Facebook, Google and other social networks and sites with a presence in Europe must heed to the European strict data privacy rules, said EU Justice Commissioner Viviane Reding.
Companies outside the 27-strong nation European wall, including the United States, must now begin changing their own privacy practices to continue working from within Europe.
The EU began its overhauling of its privacy laws last November, with new legislation expected to give greater powers to the end consumer, and stricter penalties for those who break the rules.
Though Facebook was not directly mentioned, it was made clear by the speech Reding gave in Brussels today that Facebook was in her sights.
From the Wall Street Journal:
"A U.S.-based social network company that has millions of active users in Europe needs to comply with EU rules. To enforce the EU law, national privacy watchdogs shall be endowed with powers to investigate and engage in legal proceedings against non-EU data controllers whose services target EU consumers."

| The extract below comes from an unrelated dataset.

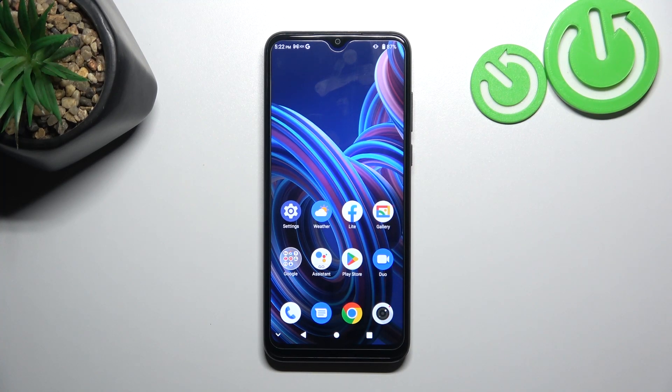Hello, in front of me I've got ZTE Blade A53 Plus. In this video we'll check if this phone has screen mirroring function.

Yet from the Guardian, it is clear that Facebook is most definitely a target for the highest data protection officer in Europe. Matthew Newman, spokesperson for Commissioner Reding said:
"A year ago she issued Facebook a warning because the privacy settings changed for the worse and now she's legislating to put flesh on those bones."
Following on from her speech last year, Reding wants users to have the right to delete data they see no longer fit for purpose on websites like Google and Facebook. Reding also made clear that companies should make clear why personal data might be collected to justify its purpose.

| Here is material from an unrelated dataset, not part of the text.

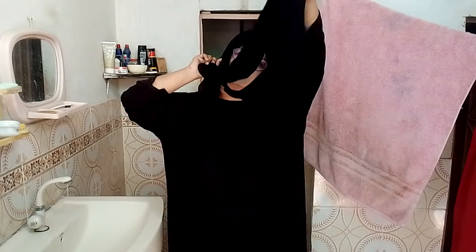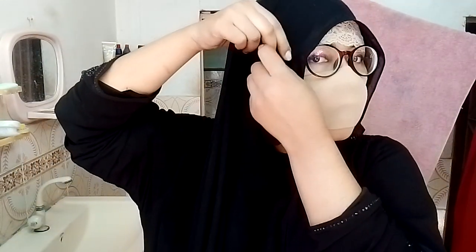And simply this is the long dupatta — putting it here. If you want to do niqab, you can do this kind of thing: tuck it in here and put the niqab on, then take this part over your head.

The European Union has enabled strict data protection rules, far greater than that of the United States, since 1998 when all European countries were told by EU directive to apply new legislation.
For European companies and US wholly owned subsidiary companies in Europe to send data from within the EU to the United States must adhere to the mutually agreed Safe Harbour principles, which dictate data privacy and security regarding to data transfer.
However, the United States has a long way to go before the European Commission deems it a fully compliant nation with its standards in regards to privacy.